Sófocles en Edipo rey nos muestra unas coincidencias terribles, razones de la tragedia de su protagonista (en la cultura clásica a la revelación del significado de esos hechos se le suele llamar anagnórisis).
Las coincidencias pueden suplir las causas, incluso las últimas. No es un despropósito pensar que el origen fue casual. Las coincidencias, las hay profundas y trascendentes, tienen otro plano, una razón oculta, un motivo latente que no siempre desentrañamos. Pensar que sólo son asombrosas es renunciar al significado profundo de un encuentro. Por inesperadas, las coincidencias son juegos del azar y el destino.
Carl Gustav Jung, asombrado, desarrolló el concepto de sincronicidad, al que le dedicó un libro: Sincronicidad como principio de conexiones acausales. El principio habla de la simultaneidad de dos sucesos muy vinculados, con mucho en común, incluso idénticos, con sentido, pero que no tienen una conexión causal. Uno no se explica por el otro, lo que rompe la causa efecto de dos hechos vinculados. Sin embargo, ambos hechos juntos son algo más, y su relación entraña un significado, que no siempre podemos comprender.
Solemos creer que todo tiene una respuesta, pero a veces no es posible encontrar el vínculo. ¿Cómo explicar las coincidencias? ¿Cómo comprender las sincronicidades?
La mañana del sábado 27 de diciembre de 2003 fui a una librería muy grande, en avenida Ticomán, al norte de Ciudad de México. Era una librería sucia, mal atendida, cuyo fondo no me interesaba salvo una mínima parte. Ahí compré muchos cuadernos tamaño carta, bien empastados y cosidos, color vino, de papel en el que se podía escribir con una estilográfica.
El apunte del día en uno de esos cuadernos de escritura, una especie de diarios, por decirlo con indulgencia, dice que fui a la librería a comprar un manual (no recuerdo a qué se refiere la nota.) Cerca de la entrada, al pie de una columna, había en el suelo ejemplares de Crónica de la intervención, en una edición en dos tomos de la colección Lecturas Mexicanas del Conaculta de 1992.
Cada una de las varias columnas de libros alcanzaba el medio metro de altura. Un cartel a mano anunciaba la oferta: diez pesos (poco más del precio de un litro de gasolina) por ejemplar. La novela, en dos tomos, costaba veinte pesos.
Me sentí indignado. Juan García Ponce había sido, con Salvador Elizondo, uno de los héroes literarios de mi adolescencia.
(Asistí a una conferencia, en el Colegio Nacional, en la que estuvieron ambos; García Ponce ya estaba muy enfermo, postrado en una silla de ruedas, sin poder hablar.

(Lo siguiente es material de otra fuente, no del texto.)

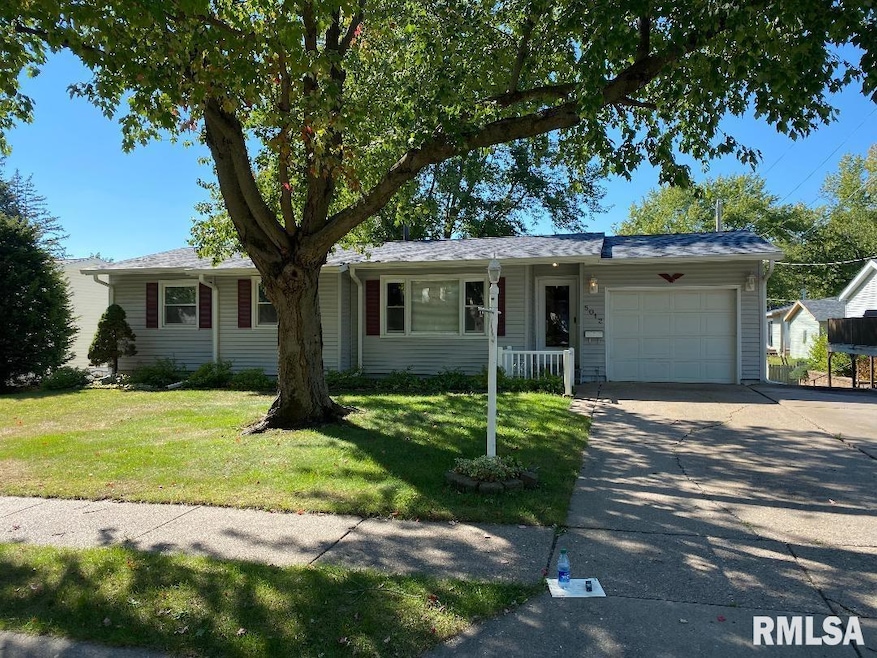 5012 Candlelight Dr, Davenport, IA 52806 - photo 1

Y dos amigos míos, en dos momentos de la vida —otra coincidencia—, Graciela y José Antonio, habían sido secretarios de García Ponce, que mecanografiaron, en su máquina de escribir mecánica, las obras que éste les dictaba. Pilar, buena amiga y filóloga española no se cansa de decirme: «Las mujeres no somos como los personajes femeninos de García Ponce. No somos así.»).
No recuerdo si compré un manual o cuadernos, o ambas cosas. Pero al salir sentí la necesidad urgente e irrenunciable de redimir esos libros a saldo, de librarlos de la afrenta de ponerlos en el suelo y rematarlos de cualquier manera.
Compré cuanto pude. Me fui con dos bolsas, tal vez con diez juegos de los dos enormes tomos de Crónica de la intervención (es decir, veinte volúmenes). Volví a casa y dejé los libros en el coche, iría por el mundo regalando la novela de Juan García Ponce a quien la aceptara.
Unas horas después me enteré, estupefacto, que ese mismo día había muerto Juan García Ponce. La muerte de un escritor leído y querido es un desgarramiento. Duele como la partida de un ser muy querido. Yo había leído a conciencia y admirado a García Ponce. Y estaba además el peso de la sincronicidad de haber comprado muchos ejemplares el día que murió, la escandalosa casualidad y el misterio oculto de su significado.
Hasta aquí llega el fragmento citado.